Agnieszka Taborska (born 1961 in Warsaw) is a Polish writer, art historian, specialist in Surrealism, translator, and educator.
Her main areas of interest are French surrealism and how women are portrayed in Western art and literature of the late 19th and early 20th century.
She is the author of essays, short stories, books for children, and novels in which her humor, care for language, and knowledge of Surrealism play important role.
They have been illustrated by eminent artists such as Józef Wilkoń,[3] Lech Majewski,[4] Antoni Boratyński, Franciszek Maśluszczak,[5] Andrzej Klimowski,[6] Mieczysław Wasilewski, Selena Kimball,[7] Krystyna Lipka-Sztarbałło,[8] and Aleksandra Gołębiewska.

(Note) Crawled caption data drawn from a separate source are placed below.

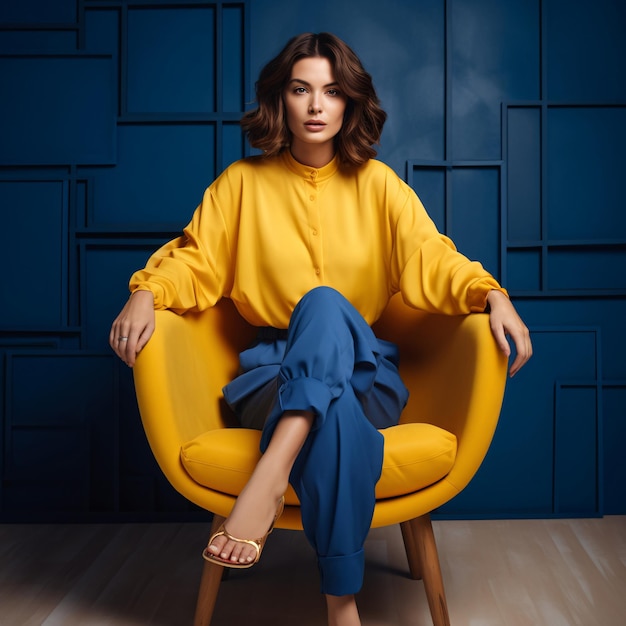 Kobieta w żółtym siedząca w fotelu Jasny i wesoły styl mody generowany przez AI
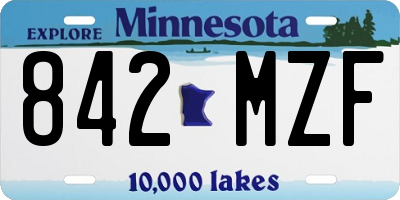 MN license plate 842MZF
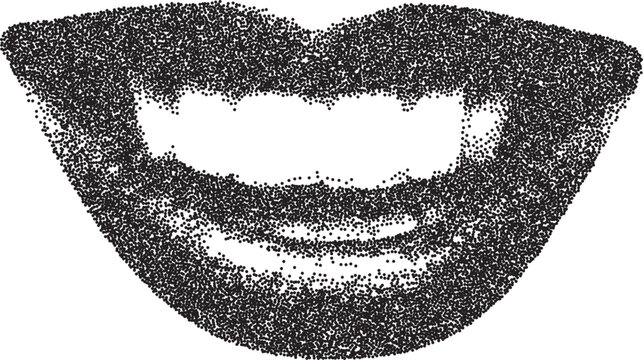 Mouth vintage y2k stipple art, lips halftone stipple brutalist retro vector png with transparent background, grin 2000s aesthetic photocopy effect tattoo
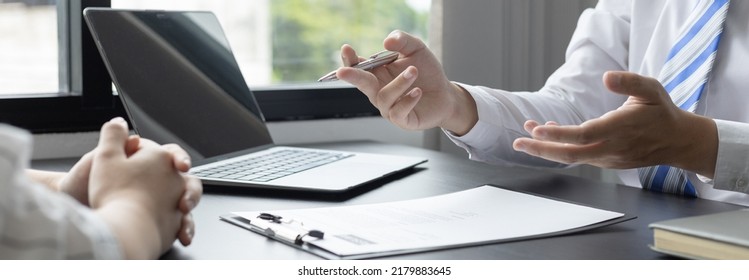 Job interview, Employer or recruiter is interviewing and taking the applicant's work history, Specialized Functional Ability Test, Business conversation, Manager resource employment and recruitment. - Shutterstock ID 2179883645
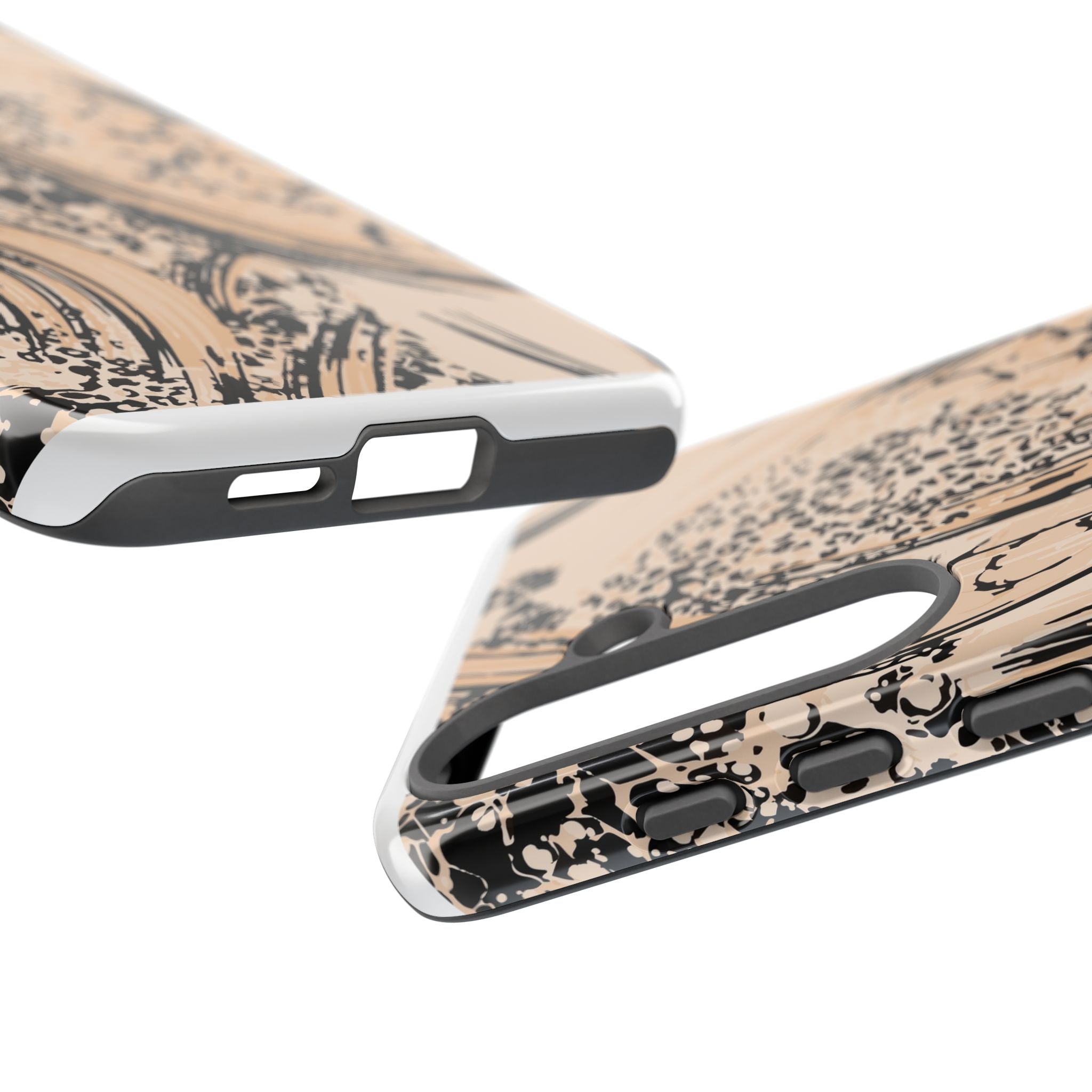 Abstract Brushstroke Phone Case — Neutral Beige & Black Artistic Protective Cover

[9] Films (Crazy Clock and A Fisherman at the Bottom of the Sea, made in 2009 and 2011 by Leszek Gałysz;[10] theatre plays (The Office of Lost Dreams, based on The Dreaming Life of Leonora de la Cruz, by the Compagnie Miettes de Spectacle, Paris, 2010[11][12] and The Black Imp never sleeps, Teatr Uszyty, Krakow, 2016); an opera (The Unfinished Life of Phoebe Hicks, Społeczny Chór Czarnego Karła, Bydgoszcz, 2019), and a radio play (Someone is Knocking at the Wall, Teatr Miniatura, Gdańsk, 2015) have been adapted from her works.